Comment by rwmj

10 months ago

Yes, although the universal mechanisms that have been proposed so far have been quite ridiculous - for example having every program handle a "frame pointer signal" in userspace, which doesn't account for the reality that we need to do frame unwinding thousands of times a second with the least possible overhead. Frame pointers work for most things, and where they don't work (interpreted code) you're often not that interested in performance.

> every program handle a "frame pointer signal" in userspace

Yep. That's my proposal.

> which doesn't account for the reality that we need to do frame unwinding thousands of times a second with the least possible overhead

Yes, it does. The kernel has to return to userspace anyway at some point, and pushing a signal frame during that return is cheap. The cost of signal delivery is the entry into the kernel, and after a perf counter overflow, you've already paid that cost. Why would the actual unwinding be any faster in the kernel than in userspace?

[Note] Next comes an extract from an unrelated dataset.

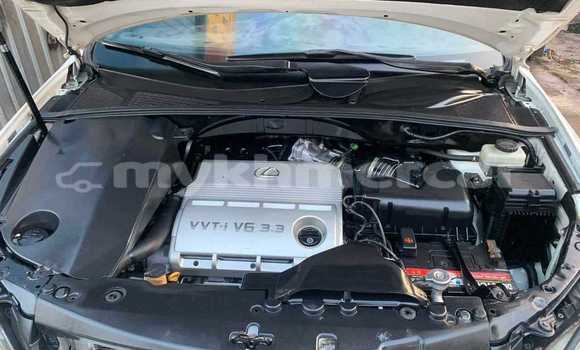 Buy Used Lexus RX 330 White Car in Bavet in Svay Rieng Province Buy Used Lexus RX 330 White Car in Bavet in Svay Rieng Province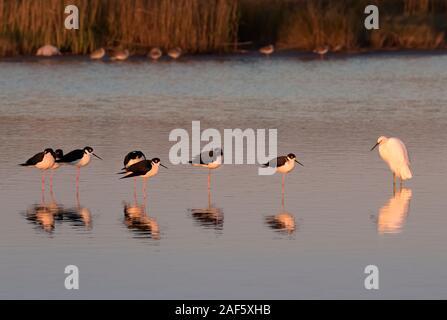 Die Herde der Schwarzen necked Stelzen im warmen Abendlicht mit Reflexion im Wasser des Ozeans, Galveston, USA Stockfoto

Also, so what if a thread enters the kernel and samples the stack multiple times before returning to userspace? While in the kernel, the userspace stack cannot change --- therefore, it's sufficient to delay userspace stack collection until the kernel returns to userspace anyway.

You might ask "Don't we have to restore the signal mask after handling the profiling signal?"

Not if you don't define the signal to change the signal mask. sigreturn(2) is optional.

  • This sounds vastly more complex already than following a linked list. You've also ignored the other cost which is getting the stack trace data out of the program. Anyway I'm keen to see your implementation and test how it works in reality.